### DIRECTIONS FOR THIS TASK
List every line below containing "Ford".

### DATA LISTING

*** Block opens ***

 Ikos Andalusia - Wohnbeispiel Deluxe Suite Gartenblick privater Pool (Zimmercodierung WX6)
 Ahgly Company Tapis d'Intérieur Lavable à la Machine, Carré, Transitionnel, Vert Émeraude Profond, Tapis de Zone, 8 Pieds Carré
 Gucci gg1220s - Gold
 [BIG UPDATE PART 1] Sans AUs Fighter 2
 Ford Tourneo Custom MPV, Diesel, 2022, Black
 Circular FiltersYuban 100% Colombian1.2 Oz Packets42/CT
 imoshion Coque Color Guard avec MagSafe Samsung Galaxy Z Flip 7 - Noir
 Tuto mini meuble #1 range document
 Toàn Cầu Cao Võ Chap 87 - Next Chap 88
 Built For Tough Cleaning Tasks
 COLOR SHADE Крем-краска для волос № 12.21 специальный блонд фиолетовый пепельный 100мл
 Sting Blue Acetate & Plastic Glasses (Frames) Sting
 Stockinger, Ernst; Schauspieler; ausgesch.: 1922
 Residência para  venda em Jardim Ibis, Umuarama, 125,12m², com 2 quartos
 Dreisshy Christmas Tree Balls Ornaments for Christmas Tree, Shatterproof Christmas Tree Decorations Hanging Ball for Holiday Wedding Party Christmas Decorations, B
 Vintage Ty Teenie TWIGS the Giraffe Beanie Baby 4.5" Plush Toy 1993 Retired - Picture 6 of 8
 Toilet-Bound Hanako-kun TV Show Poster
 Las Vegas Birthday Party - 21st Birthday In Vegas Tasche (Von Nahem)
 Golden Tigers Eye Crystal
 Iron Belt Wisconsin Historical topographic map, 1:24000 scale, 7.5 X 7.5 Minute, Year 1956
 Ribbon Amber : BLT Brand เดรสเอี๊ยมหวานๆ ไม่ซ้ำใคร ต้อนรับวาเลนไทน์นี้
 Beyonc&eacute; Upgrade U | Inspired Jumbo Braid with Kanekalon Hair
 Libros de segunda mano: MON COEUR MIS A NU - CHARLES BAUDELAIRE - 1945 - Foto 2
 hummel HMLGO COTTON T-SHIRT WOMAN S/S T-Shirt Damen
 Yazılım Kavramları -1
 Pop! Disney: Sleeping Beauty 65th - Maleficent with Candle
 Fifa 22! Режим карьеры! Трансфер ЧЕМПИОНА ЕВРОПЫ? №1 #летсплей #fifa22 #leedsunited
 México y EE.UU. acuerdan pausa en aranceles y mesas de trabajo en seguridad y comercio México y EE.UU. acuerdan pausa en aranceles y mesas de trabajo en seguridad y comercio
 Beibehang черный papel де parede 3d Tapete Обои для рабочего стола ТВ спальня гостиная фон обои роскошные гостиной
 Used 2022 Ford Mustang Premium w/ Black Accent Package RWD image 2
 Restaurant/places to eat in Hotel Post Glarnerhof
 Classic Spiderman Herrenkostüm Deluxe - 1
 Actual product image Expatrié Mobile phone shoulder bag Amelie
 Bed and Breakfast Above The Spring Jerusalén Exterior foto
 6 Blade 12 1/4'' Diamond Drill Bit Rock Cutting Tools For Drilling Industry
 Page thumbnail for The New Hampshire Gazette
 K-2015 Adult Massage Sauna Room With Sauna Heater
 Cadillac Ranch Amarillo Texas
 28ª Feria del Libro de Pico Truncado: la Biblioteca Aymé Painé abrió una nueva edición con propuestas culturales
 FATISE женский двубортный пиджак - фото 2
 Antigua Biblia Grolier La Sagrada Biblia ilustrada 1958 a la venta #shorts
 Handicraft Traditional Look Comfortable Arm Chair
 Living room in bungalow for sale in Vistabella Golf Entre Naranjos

*** Block closes ***

### YOUR RESPONSE
 Ford Tourneo Custom MPV, Diesel, 2022, Black
 Used 2022 Ford Mustang Premium w/ Black Accent Package RWD image 2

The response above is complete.